• Problem details:
Would you give the listing again exactly as written, minus its pictures?

• Given material:

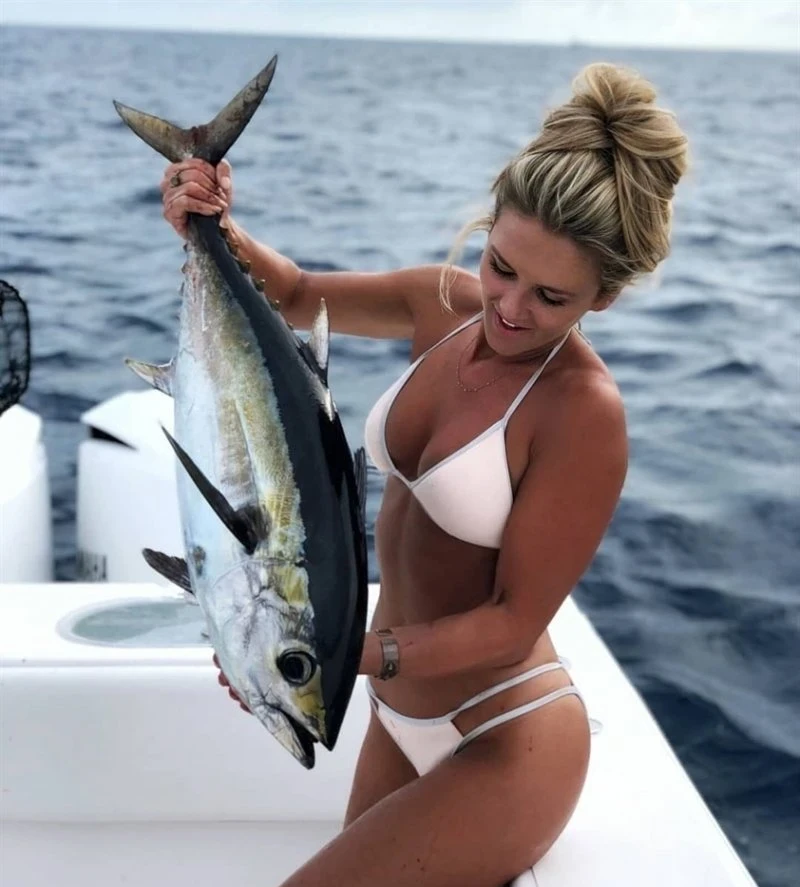 Sexy Babes Fishing: Hot Girls Catching Fish in Bikinis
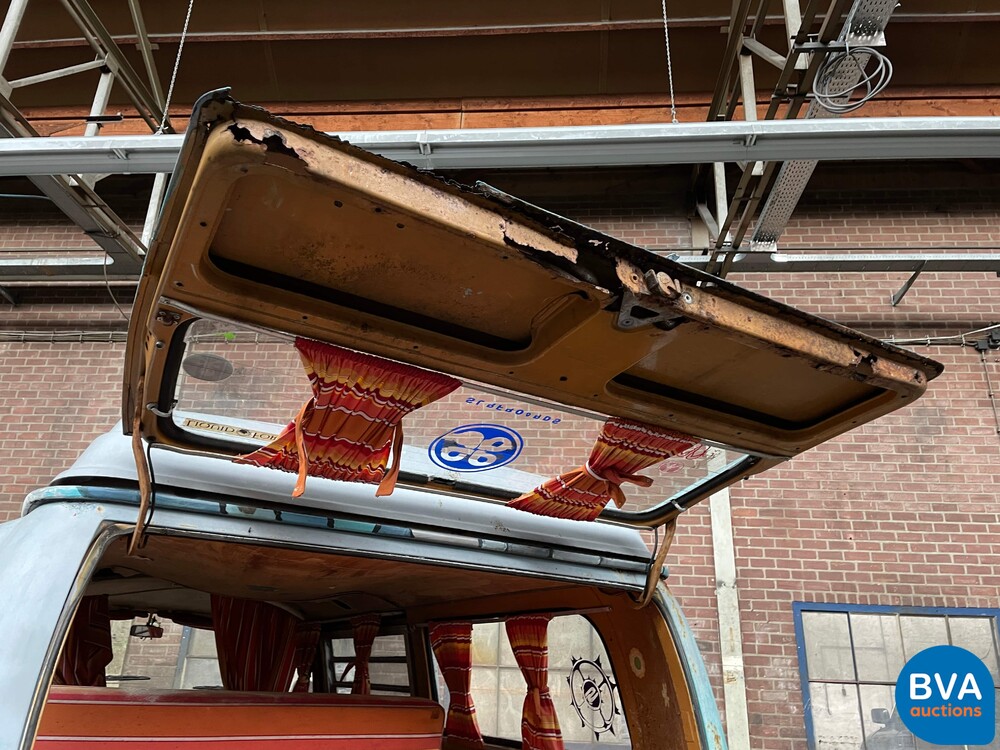 Volkswagen T2 Westfalia Wohnmobiltransporter 1972.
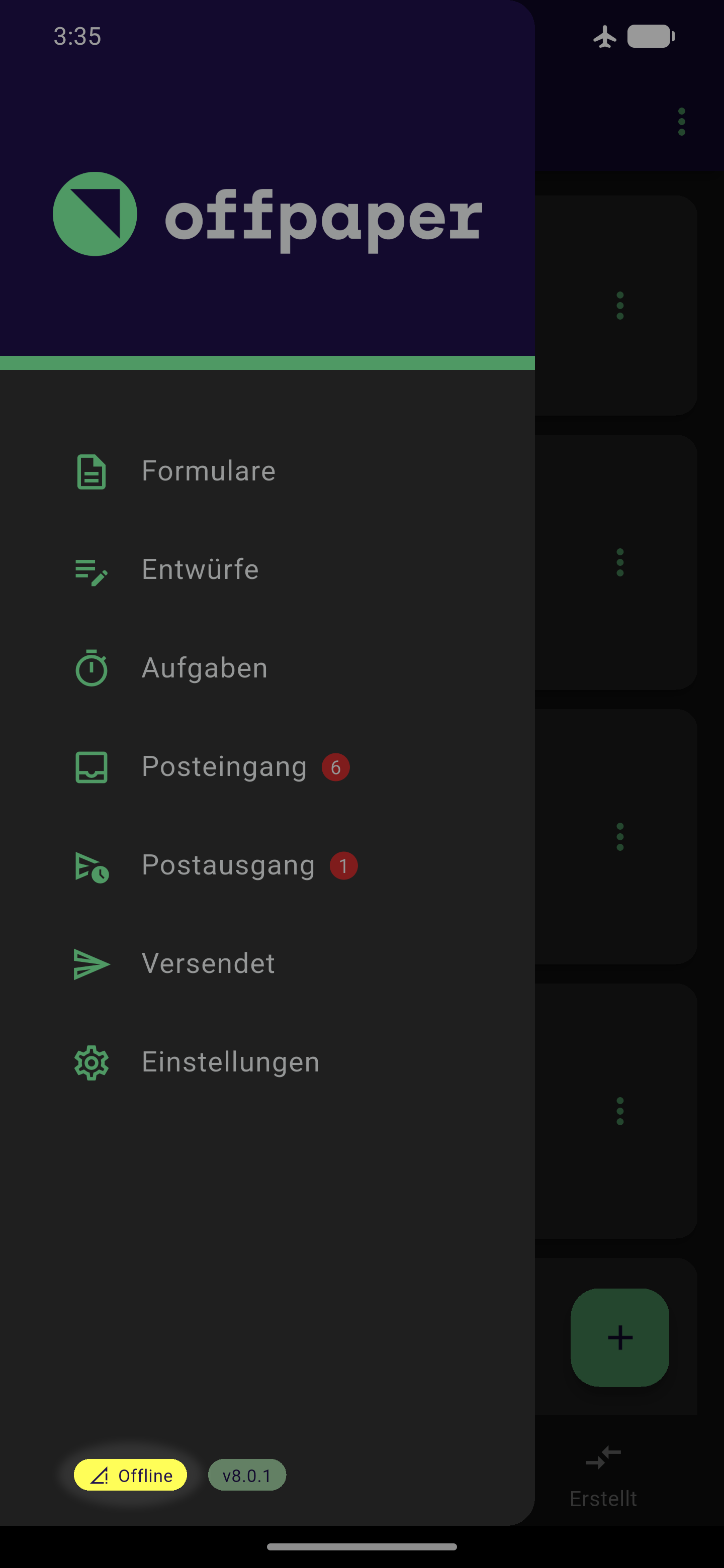 Geöffnetes Hauptmenü mit hervorgehobener gelber Offline-Anzeige unten links neben der Versionsnummer
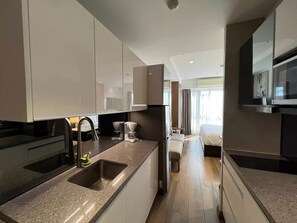 Cookware/dishes/utensils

• Task output:
 Sexy Babes Fishing: Hot Girls Catching Fish in Bikinis
 Volkswagen T2 Westfalia Wohnmobiltransporter 1972.
 Geöffnetes Hauptmenü mit hervorgehobener gelber Offline-Anzeige unten links neben der Versionsnummer
 Cookware/dishes/utensils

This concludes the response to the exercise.